This is Part 3 of a three-part blog post. If you have not read Part 1 and Part 2, please do that first.

3. Testing and Checking the Properties

Now it is time to check our properties! We will use two Quint commands:

  • quint run that runs the randomized simulator,
  • quint verify that runs the model checker Apalache.

If you wish to reproduce the experiments, use the specification prng2.qnt.
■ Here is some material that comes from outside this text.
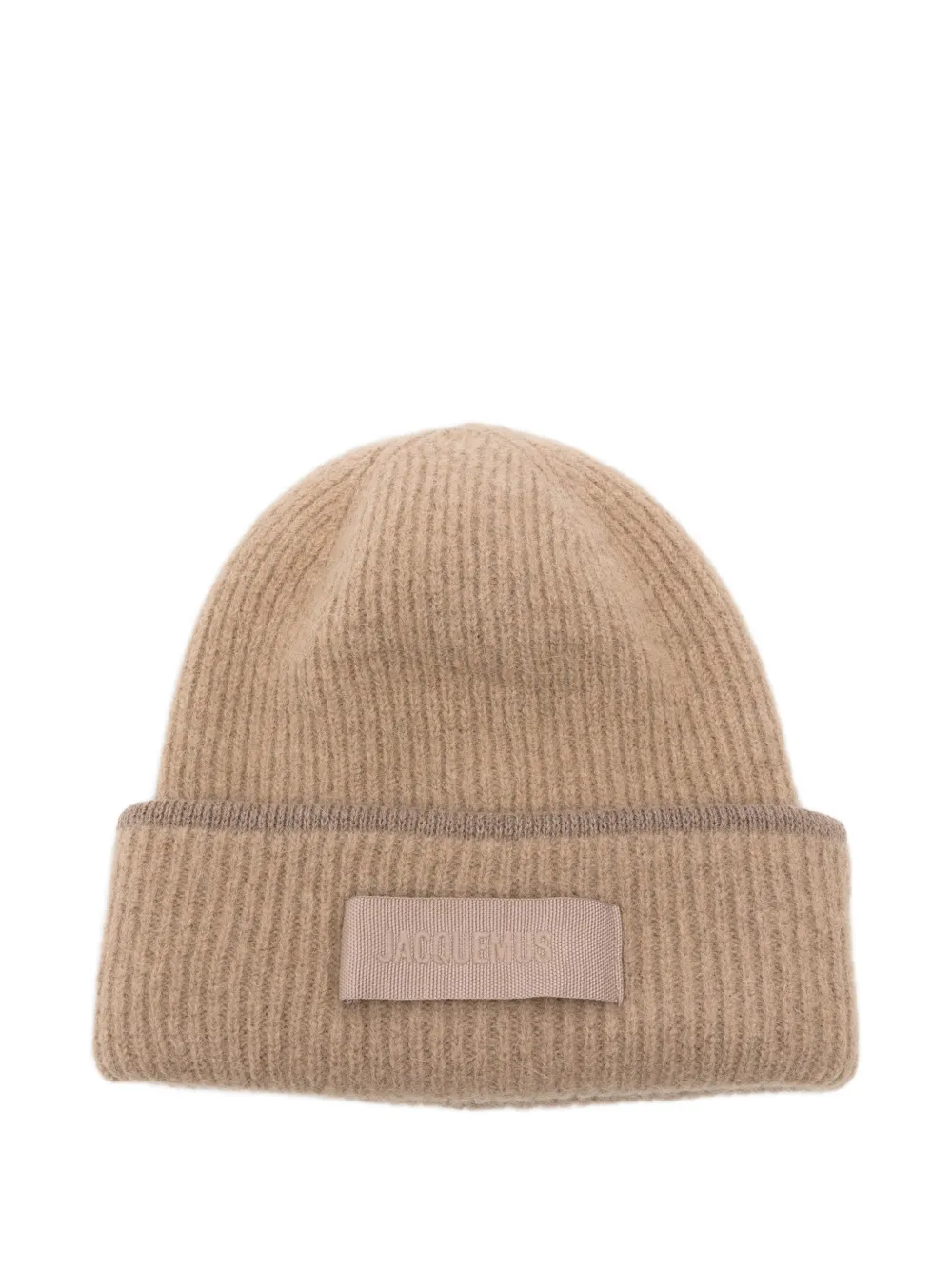 Jacquemus logo-patch ribbed-knit beanie hat - Toni neutri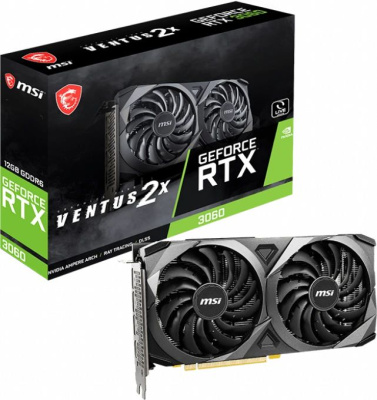 ���������� MSI PCI-E 4.0 NVIDIA GeForce RTX 3060 12288Mb 192 GDDR6 1680/15000/HDMIx1/DPx3/HDCP Ret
3.1. Testing the Properties with the Simulator

To test both properties, we simply use quint run:

$ quint run --invariant=safety ./specs/prng2.qnt
An example execution:

[State 0] { base: 1, bound: 3724719, input: 3724719, output: 0, pc: InLoop }
[State 1] { base: 256, bound: 3724719, input: 14549, output: 110, pc: InLoop }
[State 2] { base: 65536, bound: 3724719, input: 56, output: 28236, pc: InLoop }
[State 3] { base: 65536, bound: 3724719, input: 56, output: 618060, pc: Done }

[ok] No violation found (1248ms).

$ quint run --invariant=missingOutput ./specs/prng2.qnt
An example execution:

[State 0] { base: 1, bound: 7132656, input: 7132656, output: 0, pc: InLoop }
[State 1] { base: 256, bound: 7132656, input: 27861, output: 46, pc: InLoop }
[State 2] { base: 65536, bound: 7132656, input: 108, output: 11795, pc: InLoop }
[State 3] { base: 65536, bound: 7132656, input: 108, output: 2895379, pc: Done }

[ok] No violation found (1288ms).

In both cases, the simulator has exercised 10,000 random executions. This is the default setting that we can change by setting --max=samples e.g. to 1,000,000.
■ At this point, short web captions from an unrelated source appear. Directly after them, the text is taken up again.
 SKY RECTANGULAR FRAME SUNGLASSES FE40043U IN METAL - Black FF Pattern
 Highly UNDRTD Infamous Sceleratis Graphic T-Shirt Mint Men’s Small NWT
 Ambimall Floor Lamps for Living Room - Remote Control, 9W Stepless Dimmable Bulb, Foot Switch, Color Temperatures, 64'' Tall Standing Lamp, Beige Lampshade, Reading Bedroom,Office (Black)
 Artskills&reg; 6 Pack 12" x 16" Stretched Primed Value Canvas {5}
:raising_hand: Does it mean that both properties hold true? Not exactly. Similar to property-based testing, the simulator reports a property violation, if it finds one. However, if the simulator does not find a bug, all we know is that the executions tried by the simulator, e.g., 1,000,000 executions, do not violate the invariants.

Of course, we can always increase the number of executions. We have to be aware though that the simulation times are increasing linearly with the number of executions. See the plot for the both invariants below.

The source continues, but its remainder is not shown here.